Though European Jews have expressed concern regarding growing populism and anti-Semitism, “what we hear from community leaders and what we can validate from statistics is that people are not leaving Europe in masses,” said Diego Ornique, the JDC’s director for Europe.
The JDC provides emergency relief, social services and community organizational services to Jewish communities around the world.
According to Ornique, who took over responsibility for the organization’s European operations last year after a decade in various leadership roles on the continent, at “the same time while there are concerns about the living conditions for the Jewish people in Europe there is a determination for the leadership and most importantly for most of the members to stay here.”
“We are dedicated to strengthening communities in that regard,” he said.
Some of the JDC’s highest profile work is in the field of social services in the former Soviet Union, with its chain of Hesed welfare centers providing a social safety net not available for many in the FSU. However, the organization has also placed a large focus on community building, training community leaders and “building infrastructure,” he said.
“We have a long history of supporting western Europe with the same approach for many years,” he explained, stating that across the continent his organization has worked at “capacity building” such as incorporating Jewish communal organizations and teaching fund-raising best practices.
Among the areas in which he says his organization has been focusing, especially as the majority of Jewish residents will not be going anywhere, are providing the “right training in leadership development, building infrastructure [and] nurturing leaders.”

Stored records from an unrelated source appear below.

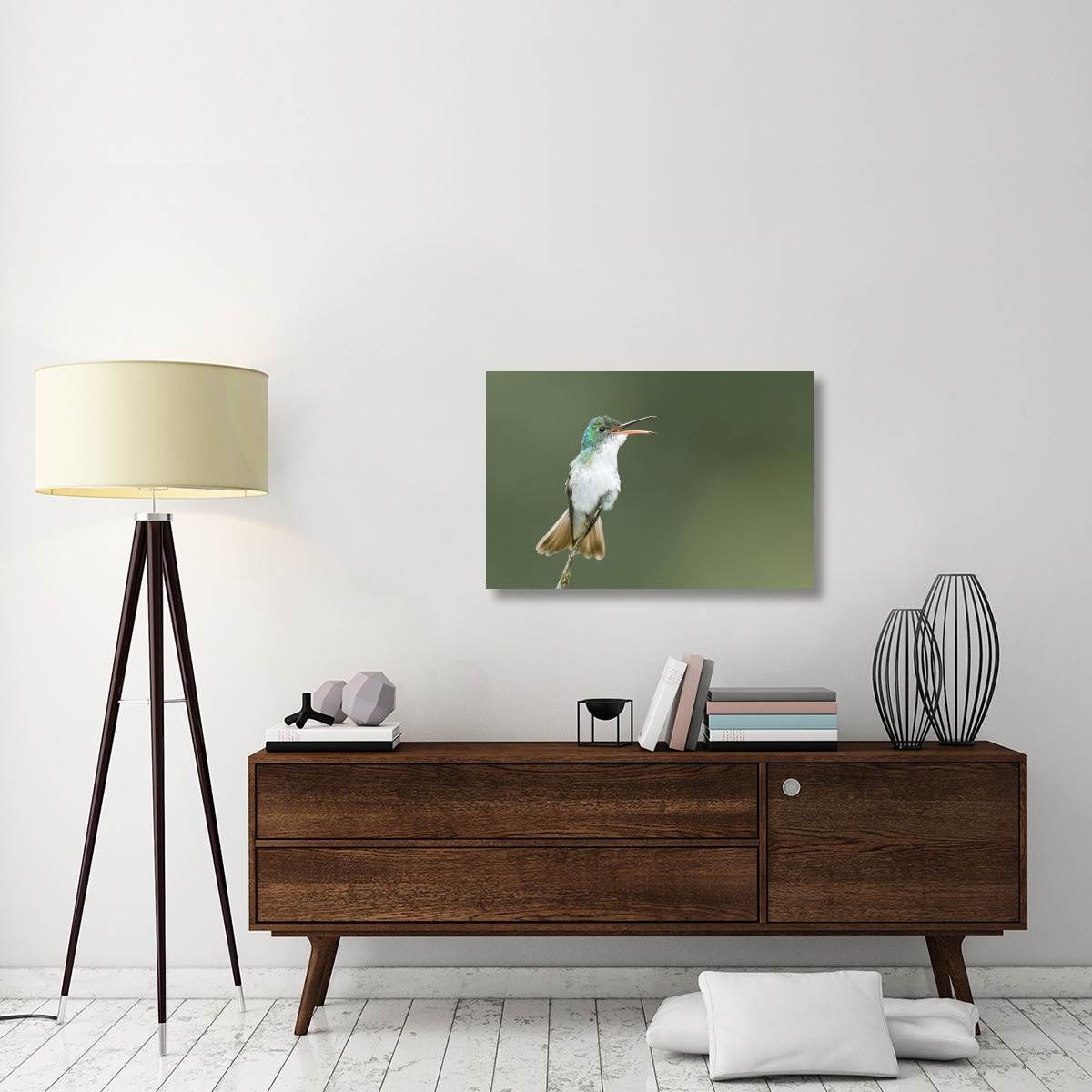 Andean Emerald hummingbird calling, Ecuador-Canvas Art-36&quotx24"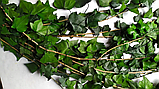 Стабілізований плющ, фото 6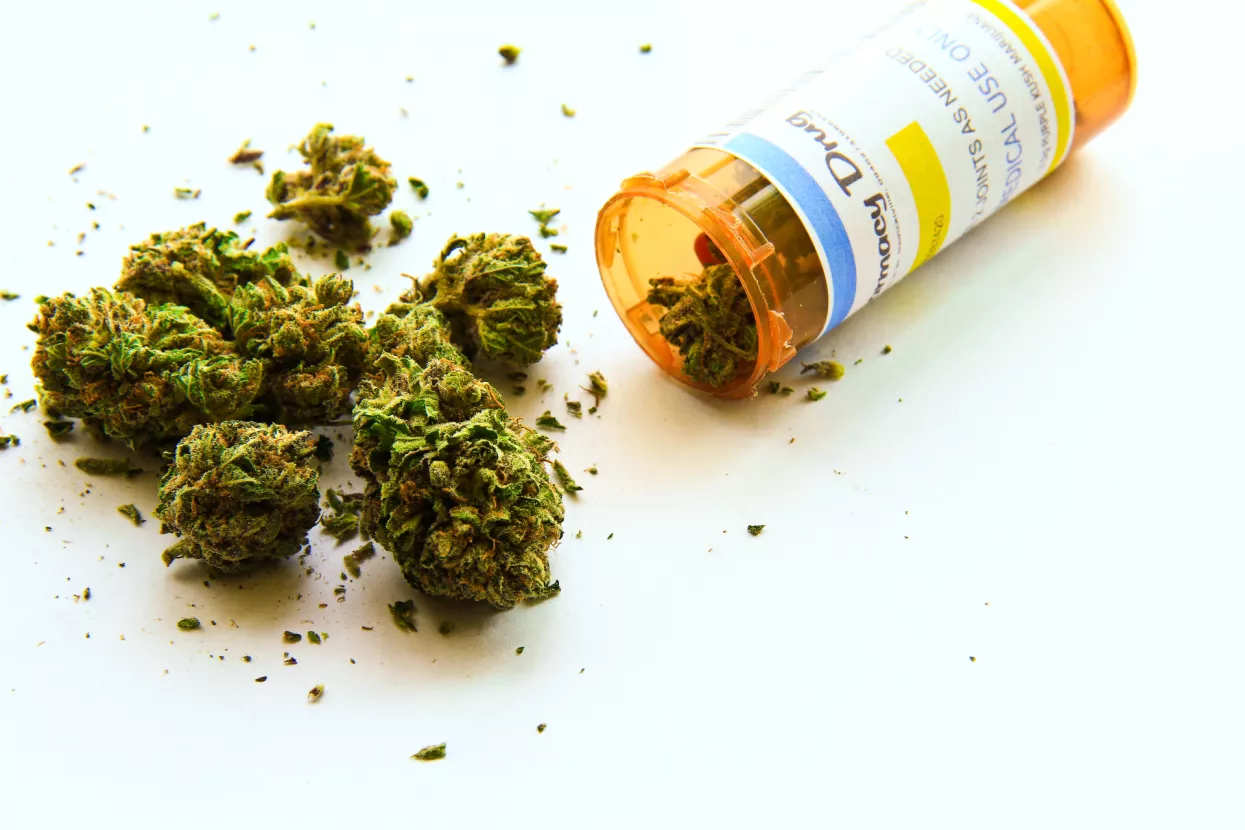 Marihuana kao lijek može se uvesti iz inozemstva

“We focused on many years on building communities and now that these communities in central Europe are built and are more sufficient we are focusing on the grassroots center,” he said.

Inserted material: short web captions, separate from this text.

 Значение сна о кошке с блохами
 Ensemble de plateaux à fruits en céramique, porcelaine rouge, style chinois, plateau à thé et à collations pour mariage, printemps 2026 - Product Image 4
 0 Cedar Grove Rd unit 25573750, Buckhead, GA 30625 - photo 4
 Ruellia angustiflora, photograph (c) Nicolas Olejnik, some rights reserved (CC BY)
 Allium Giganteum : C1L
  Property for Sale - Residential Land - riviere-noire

Late last month Ornique convened a conference of European Jewish leaders in Barcelona “aimed at strengthening Jewish community resilience in the face of adversity.”
“As a variety of challenges threaten European Jews, it was critical for us to provide a forum for Jewish community leaders to engage in a healthy, robust conversation on challenges they face and present specific, concrete ways of overcoming them,” he said in a statement at the time. “I’m certain many of the skills and tools will be utilized by community leaders in the immediate future, maintaining the balance between thriving Jewish life and an uncertain European socioeconomic landscape.”
“What the JDC is doing here – and I think it’s a wonderful thing – is to bring Jewish leaders together, [where] we can exchange best practices,” said Rabbi Michael Melchior, the chief rabbi of Norway and a former Israeli cabinet minister in a statement issued by JDC. “Some of the broader thinking for the preparedness of communities – not just in an emergency situation but in a broader sense of where Europe is going – I’ve learned a lot from that.”
Speaking with The Jerusalem Post, Ornique said he believes “people in general stay and the numbers of immigration are very low” compared to the overall Jewish populations in European countries and that current difficulties may even provide “an opportunity” for bringing people closer to Jewish communities.
“We see more people coming back or turning back after the disconnection from Jewish life and communities can capture this opportunity,” he said.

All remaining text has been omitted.